Le terme d’ « ahité » qui ouvre cet article en a peut-être étonné certain.e. C’est un concept japonais, intraduisible, qui dit l’étonnement, l’admiration, la plénitude et le dépassement (et bien d’autres choses encore), provenant de ce Ah ! qui en l’occurrence jalonne ce texte, même si présentement j’évoque un Ô. Lyrisme si l’on veut, réduit à sa plus simple expression – une interjection -, musique des voyelles, relais donné à ce qui est là qui impressionne le corps et le libère d’un son extatique. Rien à ajouter. Et pourtant nous avons mal parfois, comme si le plein était un vide et réciproquement, et que cet échange de propriétés entre organismes ne se faisait pas sans dommages.

*


Mais la peine se résorbe, miracle de la poésie, fût-il passager. Par le truchement des mots le monde visible bascule dans l’invisible et opère une métamorphose de tout en rien comme de rien en tout. Les affects mutent. Le subi devient action, la tristesse devient joie. Même si rien n’est acquis, jamais. Ni la vue, ni la chose, ni le mot. Tout est de fait toujours à reprendre, il y a là une loi, une loi du temps.

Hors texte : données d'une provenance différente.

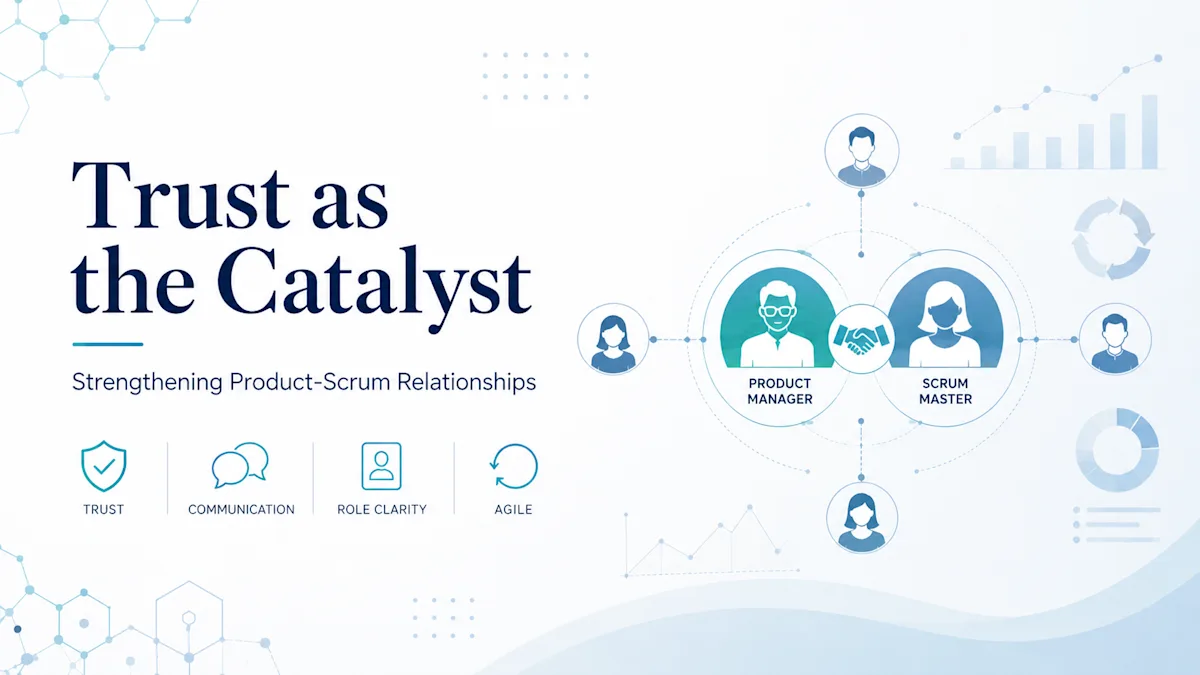 Trust as the Catalyst: Strengthening Product-Scrum Relationships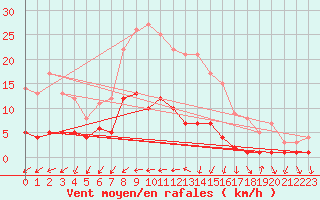 Courbe de la force du vent pour Kaisersbach-Cronhuette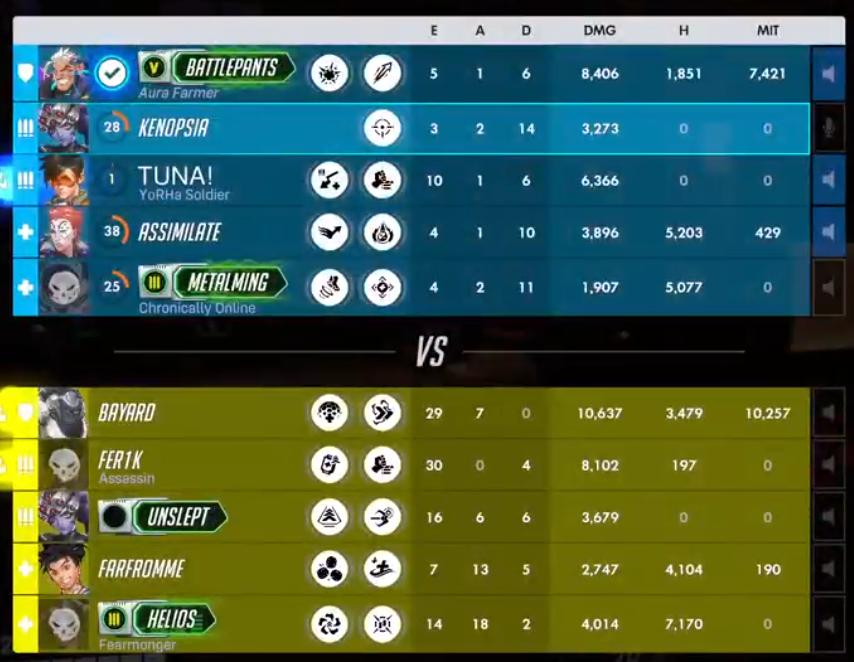 asadd03's tweet image. My bad, you’re right that game was winnable actually… I shouldve tried and pursued that #VICTORY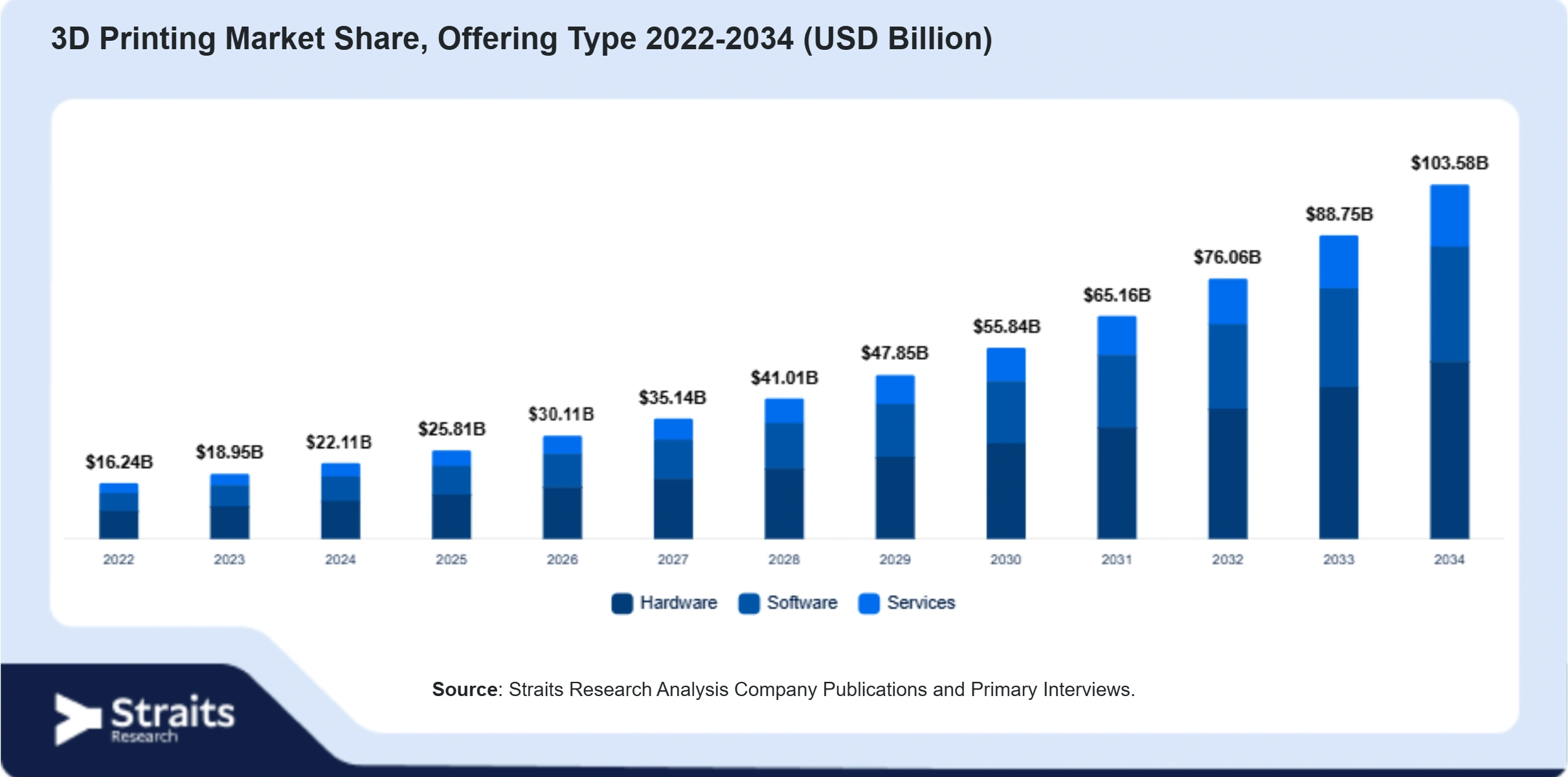 3D Printing Market Size By Segments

Selon Chalamet, qui nous livre à la fin de son ouvrage un abrégé de sa philosophie du langage, toute présence manque de son contraire, qui est une parole. Et à ce titre, la parole sauve les choses d’être ce qu’elles sont, c’est pourquoi il écrit à leur sujet : « Une parole, pour qu’elles [les choses] retrouvent un axe, qui ne soit pas l’équilibre, mais la métamorphose. » Le monde serait une fable qui s’écrit à même la matière, sauf qu’il faut faire la nuit sur le visible pour pouvoir en lire l’histoire. Nuit des sens. En d’autres termes, l’invisible du monde que l’œil scrute, il incombe à la parole de le découvrir, de le révéler, de le faire entendre. « Une parole qui sauve : qui sauve les choses du monde en les rendant invisibles. »
Il est question de croix rouillées à la fin ce livre, en haut du calvaire - « des traverses de chemin de fer, c’est increvable ces trucs-là » -, de stèles également, que la mairie voudraient enlever, et peut-être aussi, à travers leur présence anachronique, d’une sorte de mysticisme, d’une mystique des mots, laquelle ne s’embarrasserait pas de croyances ou de dogmes, de dieux, mais s’appuierait sur une incertitude fondamentale qui assurerait la rotation des planètes et le grand bal intergalactiques auquel nous participons, le lever du jour et la perpétuation de la vie, au moins un temps, « comme si quelque chose faisait levier, là-bas, dans l’inconnu », qui agirait sur nous et à quoi nous ne cesserions d’inventer des moyens de répondre. Il n’y a que des réponses, entend-on dire parfois. Aubades en est une, une des plus convaincantes, mystérieusement convaincantes.